Ben Cowan-Dewar has visited hundreds of sites around the world, ceaselessly searching for the perfect palette upon which to build a golf course. Far more often than not, he’s taken a pass. But five minutes into his visit to the northernmost tip of St. Lucia, the co-founder of the Cabot brand knew he had something special.
“I just had to do this golf course and figure it out,” Cowan-Dewar said of the rugged, coast-hugging site that would become home to Point Hardy Golf Club, Cabot’s first course in the Caribbean.
Partnering again with the renowned design team of Bill Coore and Ben Crenshaw, Cowan-Dewar and his growing Cabot brand have created one of the most eagerly anticipated new courses of the year. The closing stretch at Point Hardy is the pinnacle of drama: heroic holes in a jaw-dropping setting, with forced carries over jagged rocks and crashing waves on each of the closing four holes. For some, images of the back-to-back par 3’s at 16 and 17 evoke comparisons to one the game’s holiest settings in Cypress Point on California’s Monterey Peninsula.
“It’s the thrill of hitting your golf ball across the ocean,” said Cowan-Dewar, who also has established Cabot properties in Scotland, Florida and British Columbia in addition to its original destination in Nova Scotia, Canada, which has two 18-hole courses including the Coore & Crenshaw-designed Cabot Cliffs.
“Giving Bill and Ben nine green sites on the ocean feels like cheating a little bit in our business,” Cowan-Dewar added after we completed a walking tour of the course. “The chance to get to work with them again was really too good to pass up and the site was amazing. So it was really about turning it over to them and trusting them, which wasn’t too hard to do.”
A number of the holes at Point Hardy are playable already, but the course is scheduled to fully open in December. When it does, it will be open only to members and prospective members and homeowners at Cabot St. Lucia, a departure from the dedicated golf getaways Cabot has established in Cape Breton and the Scottish Highlands.
“In some cases, we knew the passionate golfer who would come to Cape Breton would come to St. Lucia, but people travel to the southern Caribbean with their families — whether that’s their parents and their children, or their children and their grandchildren,” said Cowan-Dewar. “Very rarely does anybody come to the southern Caribbean as three guys to go play golf, whereas we see that in Cape Breton and in Scotland.”
For Cabot, golf is always front and center. It’s about building spectacular golf courses in remarkable locations and surrounding that with memorable experiences. But the company’s business model changes in different markets.
“If we keep coming in and imprinting ourselves on to these places, saying it’s going to be the exact same everywhere, I just don’t think it’s going to work,” Cowan-Dewar said. “I never thought that was the approach to scaling and it means you’ve got to be deliberate and thoughtful.
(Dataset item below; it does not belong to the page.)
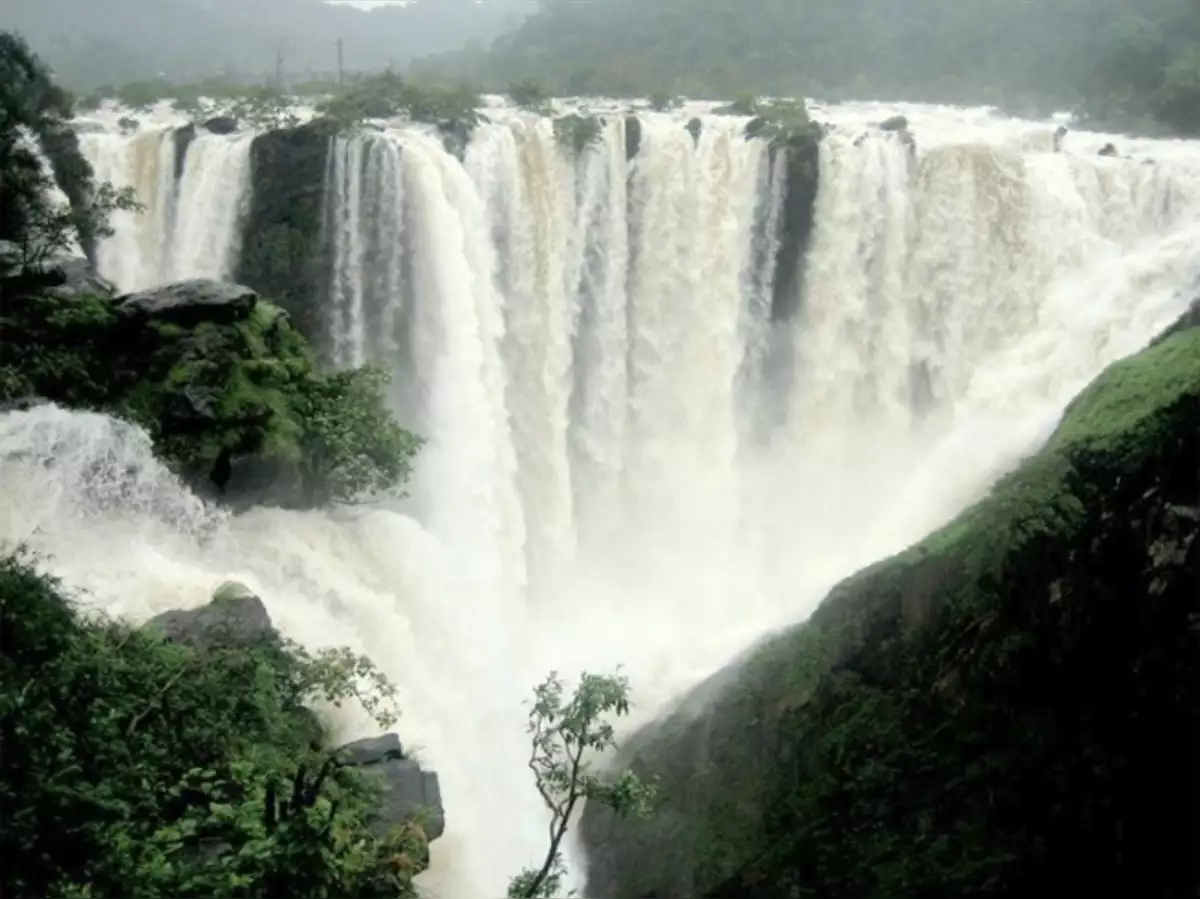 Waterfalls in India: मानसून के मौसम में इन झरनों पर जरूर करे विजिट, बारिश लगती है इनकी खूबसूरती में चार चांद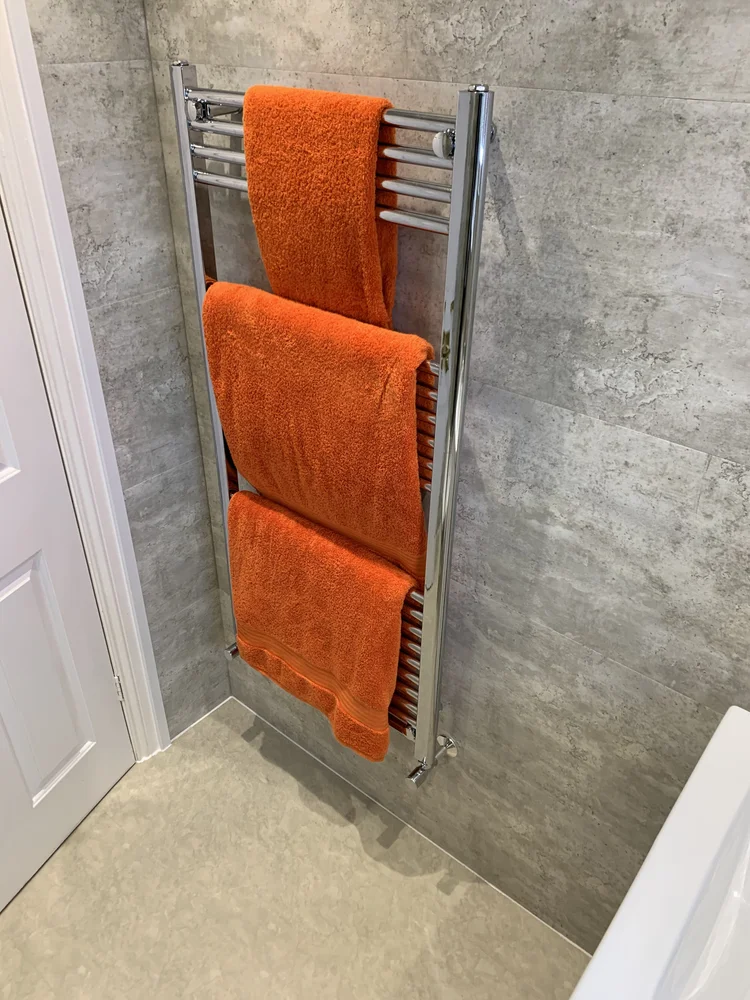 Wall-panelled bathroom installation, photograph 202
But hopefully over two decades you’re listening to your customers and you’re learning what they want.”
St. Lucia unquestionably is more of a family or couples’ destination than a buddy trip golf getaway. In that respect, it’s more akin to the Cabot Revelstoke project, which is in an alpine region known as the heli-skiing capital of the world. But in addition to the water, sun, sand and local culture, there was also an opportunity to create a truly special golf course on a truly unique piece of property in St. Lucia.
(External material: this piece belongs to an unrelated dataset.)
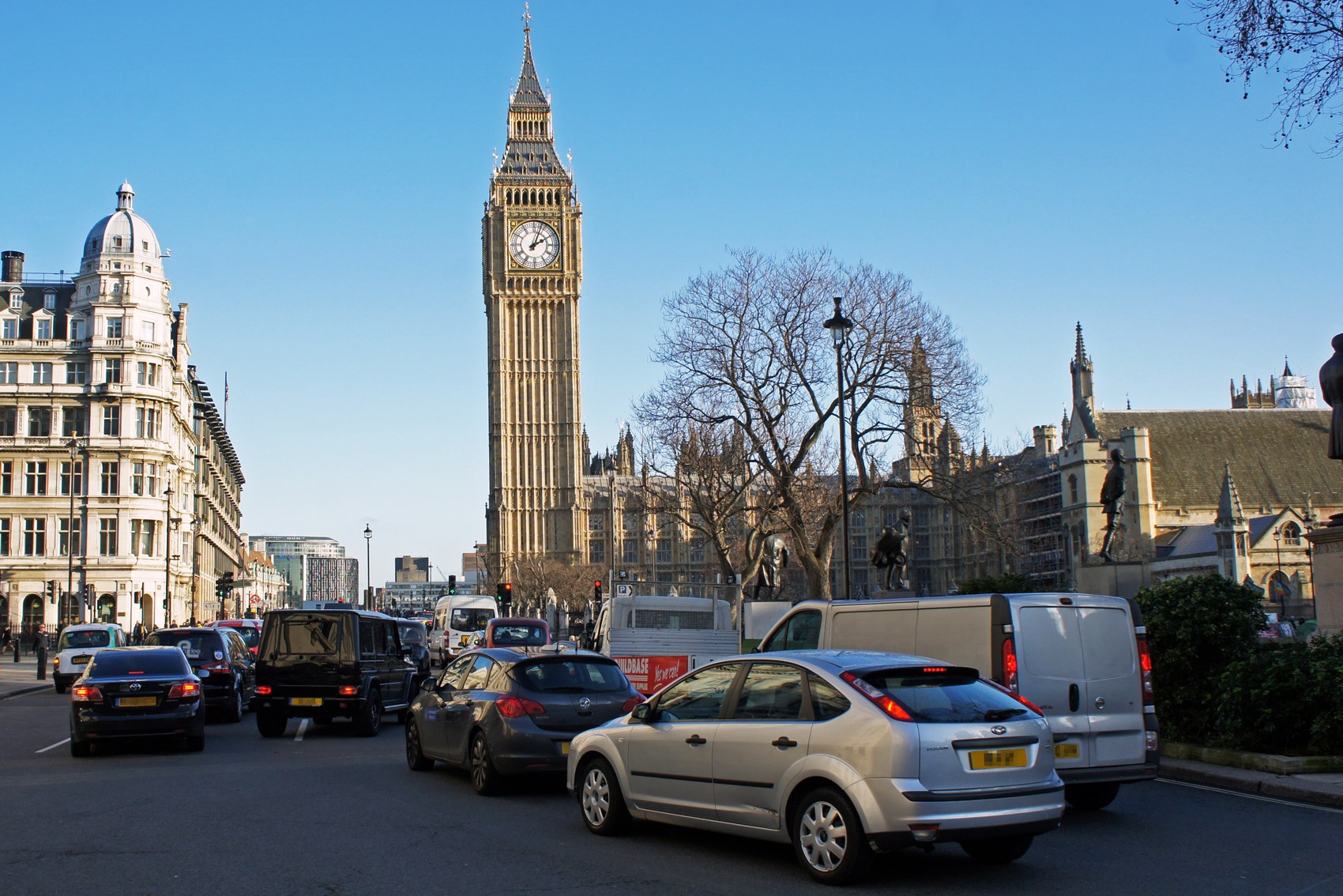 Londra'ya eski araçlarla giriş ücreti günlük 21.5 sterlin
“There’s a reason to go to Revelstoke that existed that was amazing without the golf. And I think that’s true of St. Lucia. There are so many reasons you would come here for a holiday,” said Cowan-Dewar. “But when you think of the Caribbean, while there has been so much good golf, there aren’t as many golf courses as we’d see in the U.S. or Canada that might crack that world Top 100. There’s Teeth of the Dog that’s been a mainstay on that list longer than I’ve been alive, so it felt like maybe there’s an opportunity. If we could find an amazing site and turn Bill and Ben loose, we might be on to something.”
And when Cowan-Dewar first visited the Point Hardy property seven years ago with his wife, he knew he’d found that special spot five minutes in.
Crenshaw, a two-time Masters Tournament champion, acknowledged the views are so good that it’s hard to concentrate in some parts of the course. But it’s also a site that’s somewhat unique for a Coore-Crenshaw design, with significant elevation change and severe terrain that might seem antithetical to their minimalist ethos.
“Bill and I said from the outset that we’ve got to make this playable to get people around,” Crenshaw said. “We widened the corridors of play a little bit, and the greens are somewhat larger, but with a typical day out there it’s still blowing 20 (miles per hour). But playing over arms of the ocean, you just don’t get that very often.
“Bill once said about this place that you want to try to match the scenery,” Crenshaw added. “And that’s a lot to ask because it’s so spectacular.”